WORK REQUIRED »
Every line below must be reproduced exactly; no pictures are to be included.

RECORDED INFORMATION »

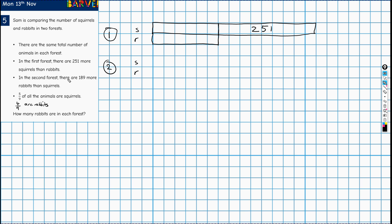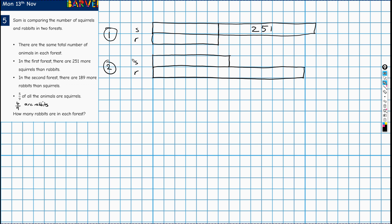Now I'm going to look at forest two. In the second forest there are 189 more rabbits than squirrels, so the rabbit bar is going to be the longer one and the squirrel bar is shorter this time. Had they been the same size — but they're not — there are more rabbits and there are 189 more rabbits. I'll explain why I've drawn it this way in a moment.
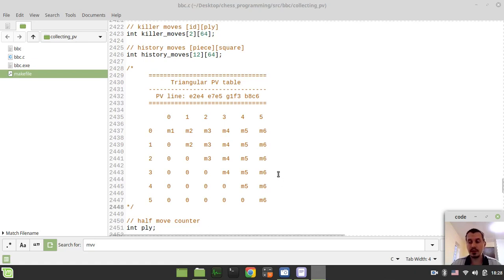Hey, what's going on guys? Cody Mikey Kinsey here. In this video, we're going to learn how to collect principal variation from our search.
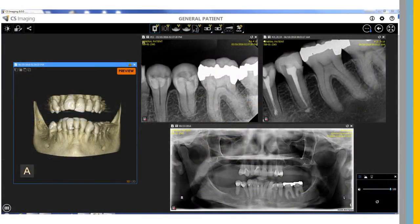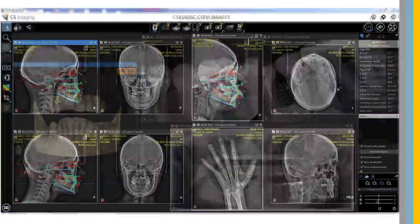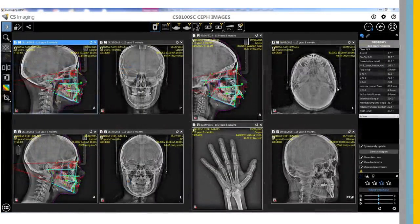This provides an improved workflow for the practice staff. The updated image workspace has many new features. When the workspace is opened, images are automatically sized and grouped for an optimal view. The new auto-arrange function provides faster and easier multi-image review using fewer clicks.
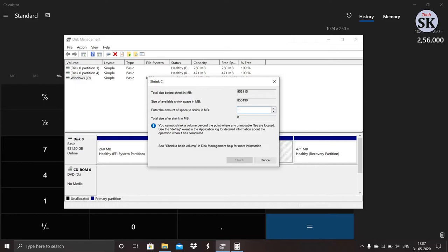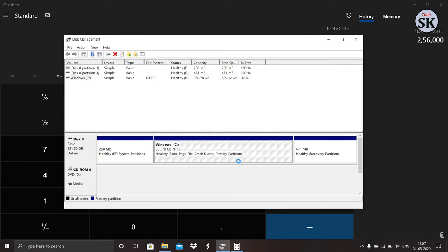Now enter the size of the partition in the box. That should be in megabytes only. Here I am creating a new partition of 250 GB. After giving the size of the new partition, click on shrink and the new partition will be created.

ANSWER BOX »
Now I'm going to look at forest two. In the second forest there are 189 more rabbits than squirrels, so the rabbit bar is going to be the longer one and the squirrel bar is shorter this time. Had they been the same size — but they're not — there are more rabbits and there are 189 more rabbits. I'll explain why I've drawn it this way in a moment.
Hey, what's going on guys? Cody Mikey Kinsey here. In this video, we're going to learn how to collect principal variation from our search.
This provides an improved workflow for the practice staff. The updated image workspace has many new features. When the workspace is opened, images are automatically sized and grouped for an optimal view. The new auto-arrange function provides faster and easier multi-image review using fewer clicks.
Now enter the size of the partition in the box. That should be in megabytes only. Here I am creating a new partition of 250 GB. After giving the size of the new partition, click on shrink and the new partition will be created.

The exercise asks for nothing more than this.